2) A very recently introduced "early_tests" feature.
3) The `--incremental` flag forces failing tests to run first.

All of these approaches have problems.

1) The `is_early` feature was until very recently undocumented. Nevertheless it still lacks testing and is a imprecise way of optimizing test starting times.
2) The `early_tests` feature requires manual updates and doesn't scale.
3) `--incremental` is undocumented, untested, and it requires modifying the *source* file system by "touching" the file. This "touch" based approach is arguably a hack because it confuses editors (because it looks like the test was modified behind the back of the editor) and "touching" the test source file doesn't work if the test suite is read only from the perspective of `lit` (via advanced filesystem/build tricks).

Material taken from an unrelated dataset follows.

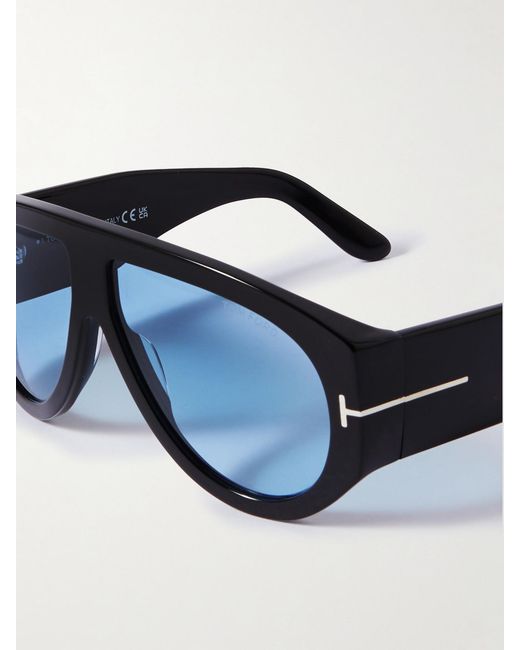 Tom Ford Blue Bronson Aviator-Style Acetate Sunglasess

This patch attempts to simplify and address all of the above problems.

This patch formalizes, documents, tests, and defaults lit to recording the execution time of tests and then reordering all tests during the next execution. By reordering the tests, high core count machines run faster, sometimes significantly so.

This patch also always runs failing tests first, which is a positive user experience win for those that didn't know about the hidden `--incremental` flag.

Finally, if users want, they can _optionally_ commit the test timing data (or a subset thereof) back to the repository to accelerate bots and first-time runs of the test suite.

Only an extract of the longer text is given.